Work request: Write out nothing but the lines from the one containing "Iranian court overturns" through the last line below, both included, and without the pictures.

Supplied material:
------------------------------------
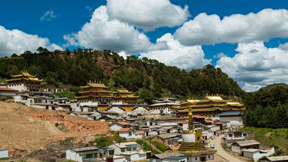 阿壩—阿萬倉濕地—郎木寺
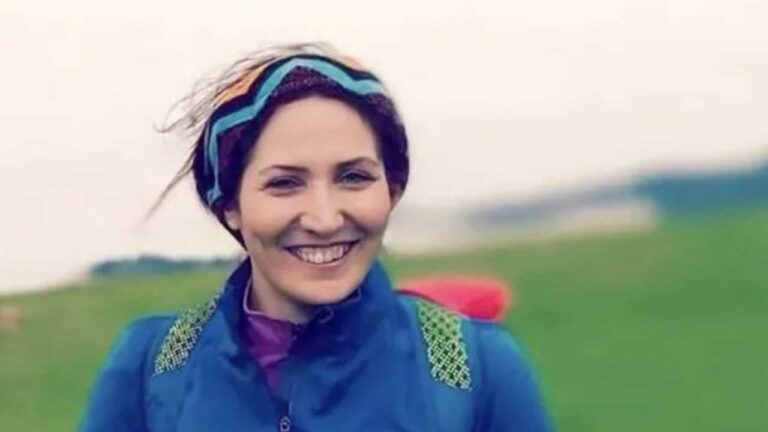 Iranian court overturns death sentence against activist Sharifeh Mohammadi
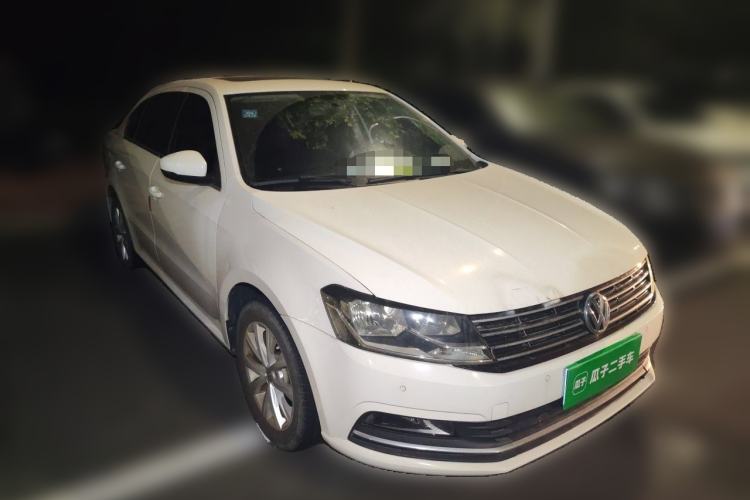 Used Volkswagen Lavida 2017 1.6L Manual Comfort Edition Front Right 45 Deg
------------------------------------
Answer box:
 Iranian court overturns death sentence against activist Sharifeh Mohammadi
 Used Volkswagen Lavida 2017 1.6L Manual Comfort Edition Front Right 45 Deg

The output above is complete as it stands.